What needs to be done | Print nothing except the lines of the listing below from the line with "When Parents Text, So" to the line with "Izbor teme (naučna", each exactly as written, both ends included.

==== Supplied entries

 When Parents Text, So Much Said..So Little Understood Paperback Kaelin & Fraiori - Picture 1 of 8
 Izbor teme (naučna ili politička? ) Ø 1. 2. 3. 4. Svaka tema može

========
==== Supplied entries

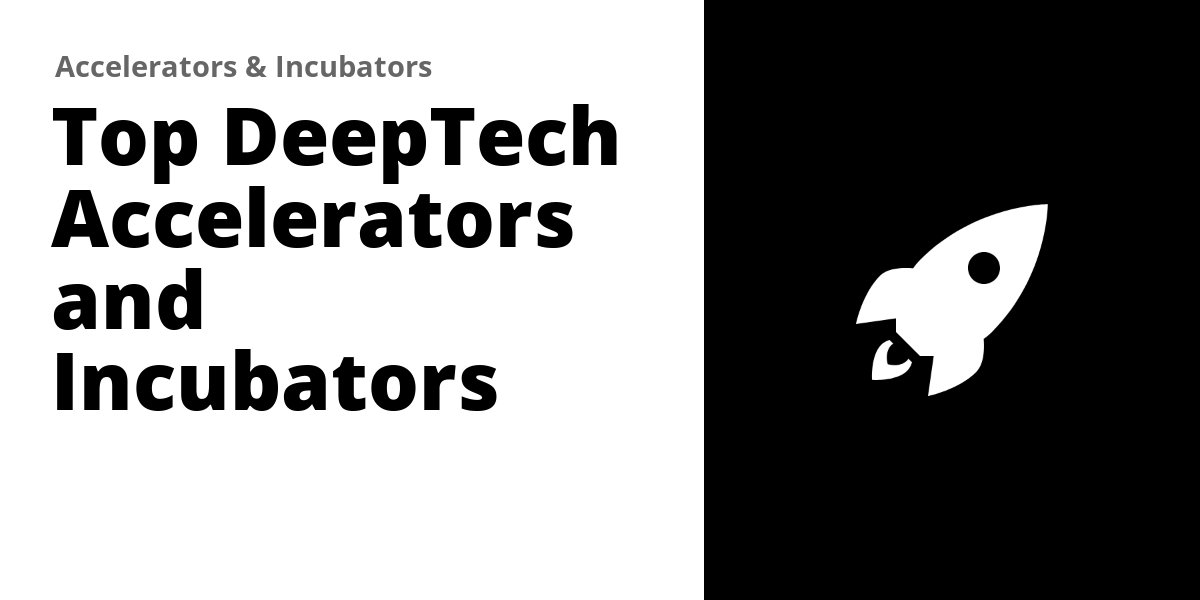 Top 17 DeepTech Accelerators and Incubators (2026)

========
==== Supplied entries

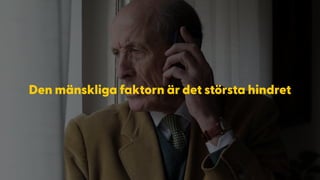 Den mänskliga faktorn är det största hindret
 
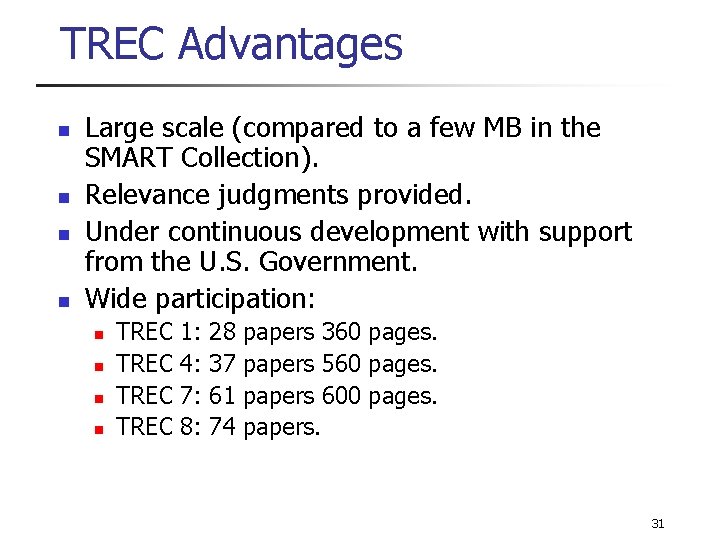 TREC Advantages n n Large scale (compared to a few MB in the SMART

========

Written answer |
 When Parents Text, So Much Said..So Little Understood Paperback Kaelin & Fraiori - Picture 1 of 8
 Izbor teme (naučna ili politička? ) Ø 1. 2. 3. 4. Svaka tema može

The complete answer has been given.